Printing Computers

Behold the FIBIAC! Its loud! It computes! It uses actual punch
cards!  This is my first working incarnation of an idea for a simple
electromechanical computer I've been playing around with for the last
few years. I was initially looking for a practical project to bolster
my non-existent mechanical engineering skills ... it turns out an
electromechanical computer is not actually a great `starter' project
for someone who's never built anything with moving parts before, but it
seems to have worked out well enough.

(... ) 

The heart of the machine is bank of electromechanical counters
that make up its memory. Each of the three registers is an identical
odometer-style, 3-digit, base-10 counter. A partially-toothed gear that
straddles consecutive digits serves as a carry mechanism.
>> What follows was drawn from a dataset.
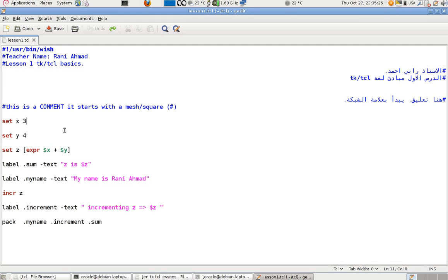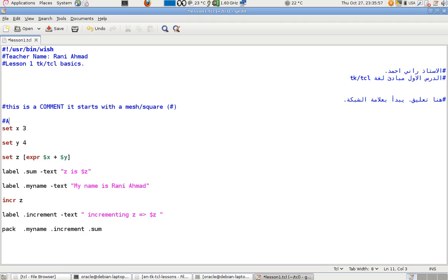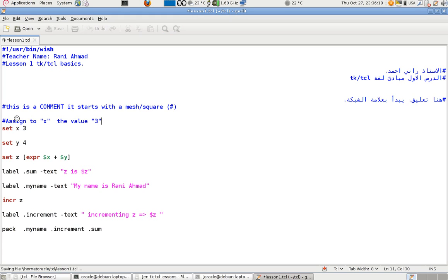We have 'wish' — this is our interpreter for the commands and code below. It handles graphical programming, which is the TK part of TK/TCL. We also have 'tclsh', which is the TCL interpreter shell. It outputs calculations on the shell, not on a graphical window. This program uses a graphical interface.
The registers
can be extended to arbitrary precision by just adding more digit wheels.
Stepping the motor in one direction increments the counter, the other
decrements it. Each digit-wheel also has a tiny magnet embedded in the
face of it which trips a reed-switch whenever the digit is set to zero.
All three reed-switches for the counter are wired in series, so that
a signal gets grounded when the counter is set to 0-0-0. By means of
punched-holes, I can select which register is connected to the system-wide
`zero-detect' signal that triggers the end of the current instruction.